As for those girls I met and then came on here to introduce you to last night (see earlier blog)....Can you even imagine? I could hardly sleep in the comfort of my own bed, from thinking of them trying to sleep on the cold bunk of a hard one. You know? They've been in my heart and mind for so many years. I've often wondered and prayed for them. Last night though, made it even more real after walking behind razor-wired fences and into their territory and getting to actually see close-up some of their faces.
It's not the first time I've visited someone in prison, but it's been a VERY long time since I have. I remember my very first reaction. I began visiting a guy that I didn't know. I had begun writing to him at the request of a co-worker and with our correspondence we quickly became friends. I was in college. He was college-aged. His name was Buck. And I remember being so taken aback by that first visit by the fact that they all looked normal. All of those on the inside, looked just like us on the out. That's when it hit me the hardest. One stupid decision (or even the result of a whole lot of them) landed them inside a place that they never could have fathomed truly being. Locked-up inside and caged as if an animal always haunted me for them... and obviously haunts me still!!! We all have our 'stuff'. We all have our prisons.... often because of our own very bad decisions. It's just that most of us get away with it. We either don't get caught, or society doesn't warrant it bad enough for a seeable prison behind physical bars.... but I assure you, prisons still the same!
I'm not saying that there aren't some of the meanest people in the world there, those that have done the most horrid of things imaginable, those enraged with evil, and that in order to keep society safe from their violence-ness that it doesn't warrant a good reason for putting them there. But what I know, too, is that they're horrid for a reason. They rage on the inside from hatred or bitterness and hurt and a roaring rage inside that cries for revenge on anyone within reaching distance of them. It's not right what they've done, but it results from a deeper problem than just meanness. How I wish I could reach inside and remove that seed of sin that controls them. But not all of them are evil. Some of them just royally messed-up! And they're now sorry they did what they did.
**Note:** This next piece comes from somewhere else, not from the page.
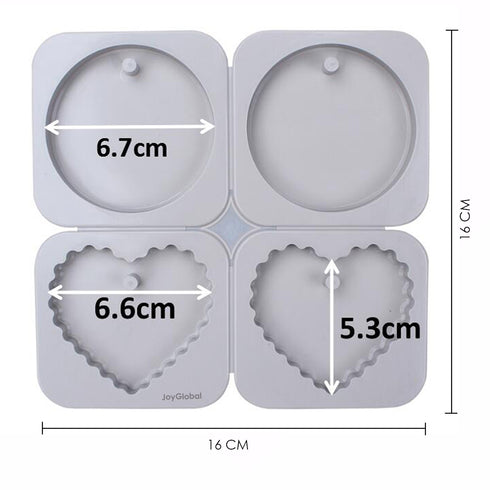 Versatile Silicone Heart Mold for Aromatherapy & Crafts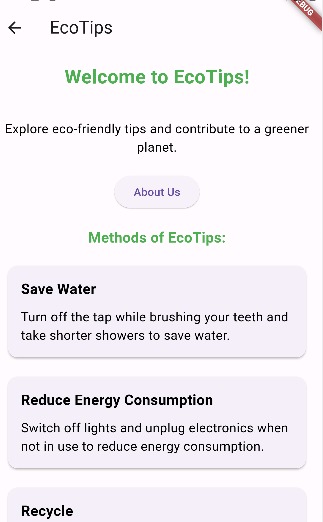 EcoTips: Green Living Tips – screenshot 1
Back to Buck for a minute. He was released from prison on the day I got married and so came to my wedding. The sad part about it is that I got married on a riverboat and he missed the boat by a very few minutes. Awww.. bless his heart!!! I didn't know he was coming! I would have had them hold it for him if I did. Surely, that had to make him feel even more horrid. Man, thinking back to all that now, I learned SO MUCH from that guy! He helped me to see things that I'd never seen before. He opened my eyes to the details. He reminded me to appreciate what I too quickly take for granted. Precious! One thing that sticks with me about when he got out was his enamoration of colors! His mom had taken him to the mall to go shopping and he told me that he had grown so accustomed to seeing things only in grey and white that the colors were overwhelming. White was all they were allowed to wear, and it blew his mind seeing such colors everywhere! How do you choose, he wondered, with so many choices to make... especially after being in prison where every 'choice' was previously made for you?
Wonder what our first view of Heaven must be like? Wonder at all the colors we'll see there! Pure unadulterated beauty!!! No longer confined behind human-skinned-bars. Total freedom! No longer blind to what we aren't privy to see here. Finally, face-to-face with our Savior!!!!!! No human eye has seen, no mind has imagined.... the beauty that awaits us!